Pursuant to section 552.302 of the Government Code, a governmental body's failure to comply with section 552.301 results in the legal presumption that the requested information is public and must be released unless the governmental body demonstrates a compelling reason to withhold the information from disclosure. See Gov't Code § 552.302; Hancock v. State Bd. of Ins., 797 S.W.2d 379, 381-82 (Tex. App.--Austin 1990, no writ) (governmental body must make compelling demonstration to overcome presumption of openness pursuant to statutory predecessor to Gov't Code § 552.302); Open Records Decision No. 319 (1982). Normally, a compelling interest exists where some other source of law makes the information confidential or where third party interests are at stake. Open Records Decision No. 150 at 2 (1977). You state that a third party's property or privacy interests may be involved, thus presenting a compelling reason to overcome the presumption that the information responsive to the request is public. Consequently, we will consider the applicability of section 552.110 to the third party information responsive to the request.
In accordance with section 552.305(d), the city was required to notify the four involved firms of the records request and of their right to submit arguments to this office as to why their respective documents should not be released to the public. See Gov't Code § 552.305(d); Open Records Decision No.542 (1990) (determining that statutory predecessor to Gov't Code § 552.305 permits governmental body to rely on interested third party to raise and explain applicability of exception to disclosure under Public Information Act in certain circumstances). An interested third party is allowed ten business days after the date of its receipt of the governmental body's notice under section 552.305(d) to submit its reasons, if any, as to why information relating to that party should be withheld from public disclosure. See Gov't Code § 552.305(d)(2)(B). As of the date of this letter, none of the third parties notified by the city has submitted to this office its reasons explaining why its information should not be released. Therefore, none of the third parties has provided us with any basis to conclude that it has a protected proprietary interest in any of the submitted information. See Gov't Code § 552.110(b) (to prevent disclosure of commercial or financial information, party must show by specific factual or evidentiary material, not conclusory or generalized allegations, that it actually faces competition and that substantial competitive injury would likely result from disclosure); Open Records Decision Nos. 552 at 5 (1990) (party must establish prima facie case that information is trade secret), 542 at 3 (1990). Consequently, the city must release the requested information.
However, we note that some of the submitted materials are copyrighted. A custodian of public records must comply with the copyright law and is not required to furnish copies of records that are copyrighted. Attorney General Opinion JM-672 (1987). A governmental body must allow inspection of copyrighted materials unless an exception applies to the information. Id. If a member of the public wishes to make copies of copyrighted materials, the person must do so unassisted by the governmental body. In making copies, the member of the public assumes the duty of compliance with the copyright law and the risk of a copyright infringement suit. See Open Records Decision No. 550 (1990).

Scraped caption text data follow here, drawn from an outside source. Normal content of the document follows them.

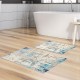 Bathmat Set (2 Pieces) Kt496 V2 Multicolor Lessentiel Bathmat Set (2 Pieces) Kt496 V2 Multicolor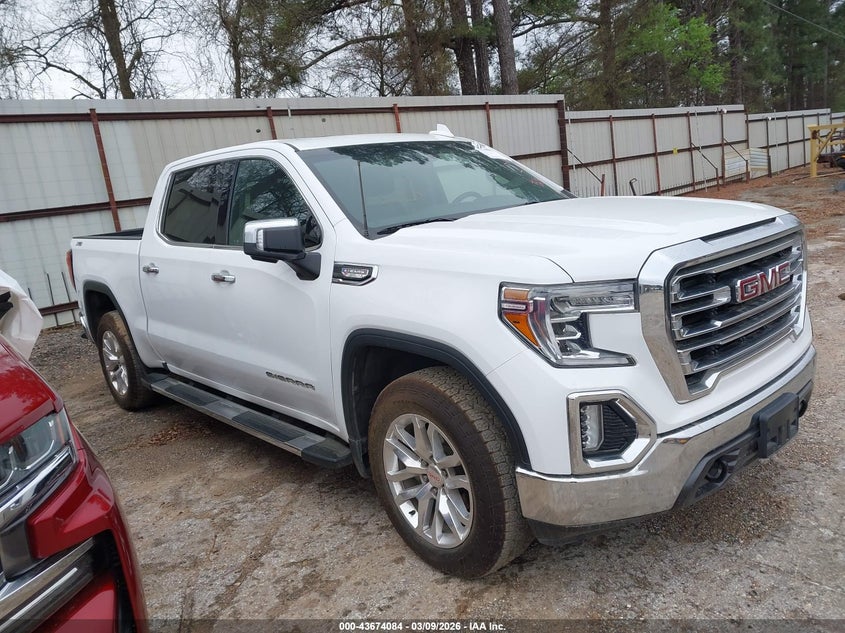 2021 GMC SIERRA 1500 4WD  SHORT BOX SLT/4WD  STANDARD BOX SLT
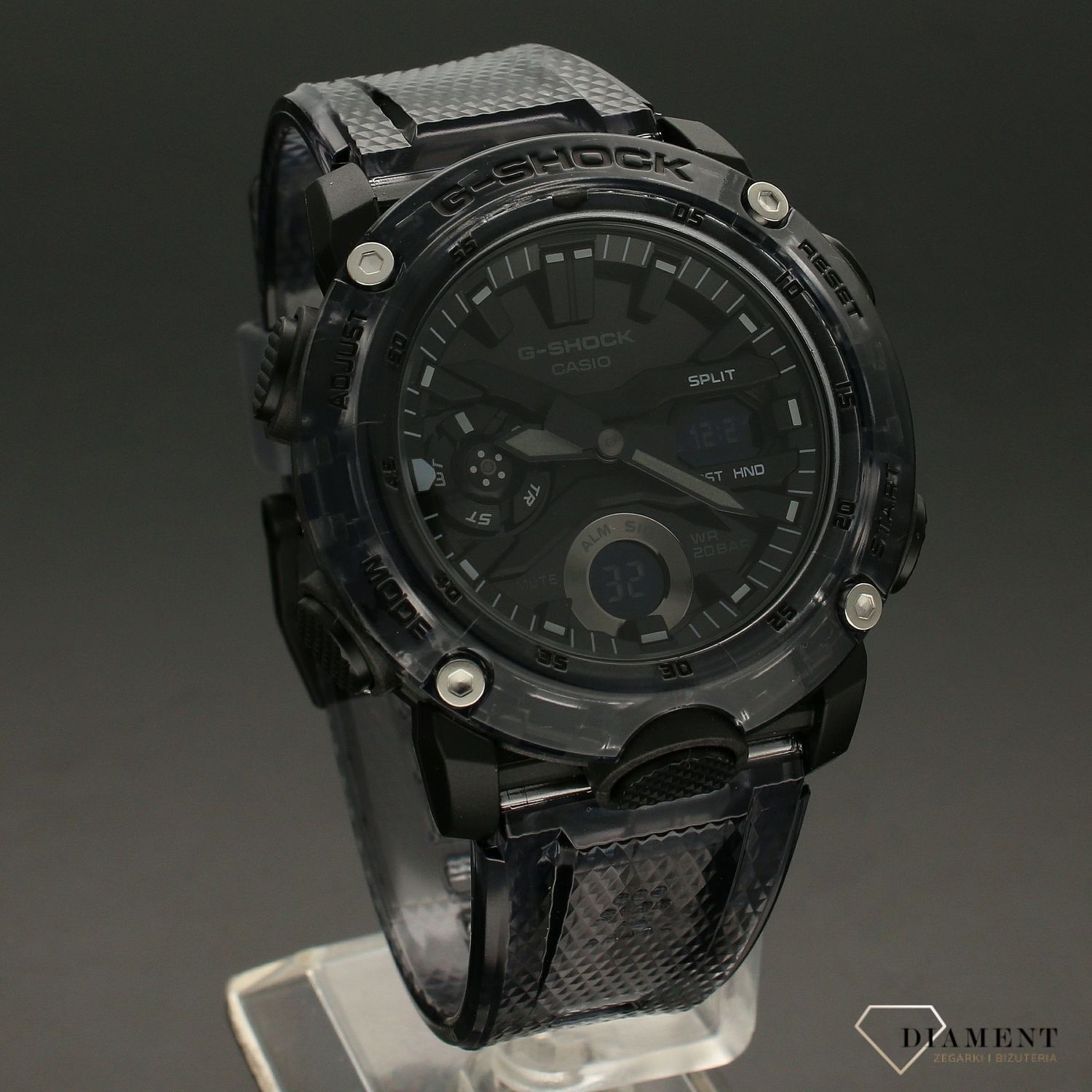 Zegarek męski G-SHOCK Casio Carbon Core Guard Black Skeleton GA-2000SKE-8AER to wstrząsoodporny zegarek sportowy na czarnym pasku. Zegarek Casio Zibi zapraszamy do sklepu www.zegarki-diament.pl !!!.jpg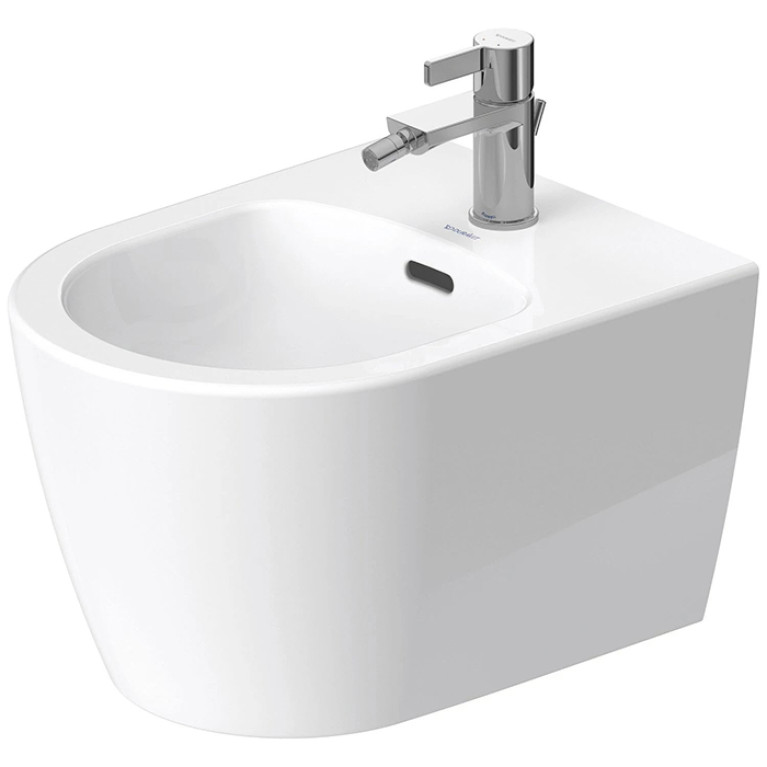 Duravit Soleil by Starck Биде подвесное 370х480 мм, с 1 отв под смеситель,Wei&szlig; Hochglanz,  цвет белый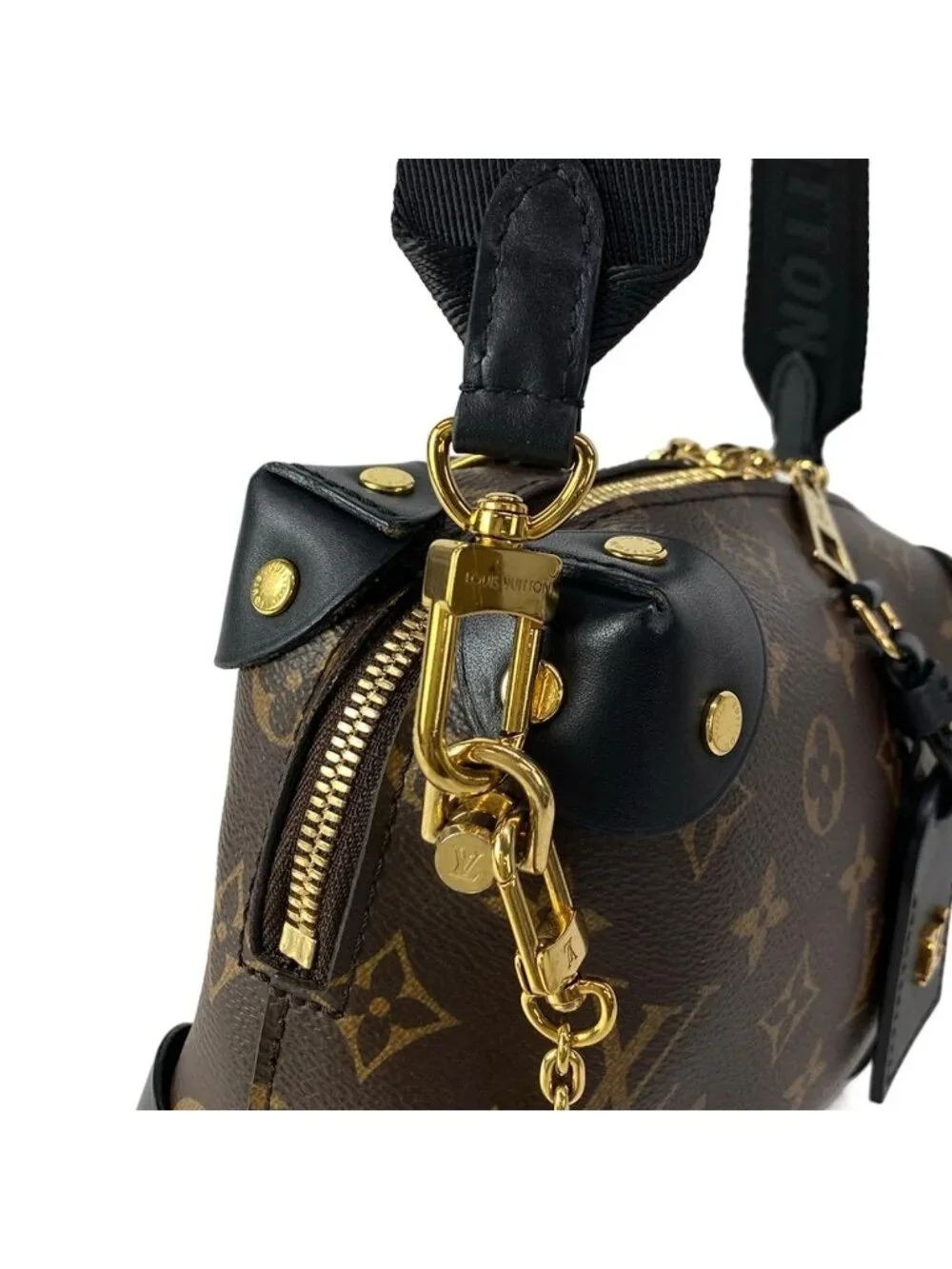 Louis Vuitton Shoulder Bag Monogram Petite Malle Souple Noir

In summary, while the city may not withhold any of the requested information from disclosure, it may only allow inspection of copyrighted information and need not furnish copies of such information to the requestor.
If this ruling requires or permits the governmental body to withhold all or some of the requested information, the requestor can appeal that decision by suing the governmental body. Id. § 552.321(a); Texas Department of Public Safety v. Gilbreath, 842 S.W.2d 408,411 (Tex. App.--Austin 1992, no writ).
Please remember that under the Act the release of information triggers certain procedures for costs and charges to the requestor. If records are released in compliance with this ruling, be sure that all charges for the information are at or below the legal amounts. Questions or complaints about over-charging must be directed to Hadassah Schloss at the Texas Building and Procurement Commission at 512/475-2497.
If the governmental body, the requestor, or any other person has questions or comments about this ruling, they may contact our office. We note that a third party may challenge this ruling by filing suit seeking to withhold information from a requestor. Gov't Code § 552.325. Although there is no statutory deadline for contacting us, the attorney general prefers to receive any comments within 10 calendar days of the date of this ruling.
Heather Pendleton Ross
c: Mr. John Bustos
Siber & Associates
Madeline Anz Slay Architecture
1. We assume that the "representative sample" of records submitted to this office is truly representative of the requested records as a whole. See Open Records Decision Nos. 499 (1988), 497 (1988). This open records letter does not reach, and therefore does not authorize the withholding of, any other requested records to the extent that those records contain substantially different types of information than that submitted to this office.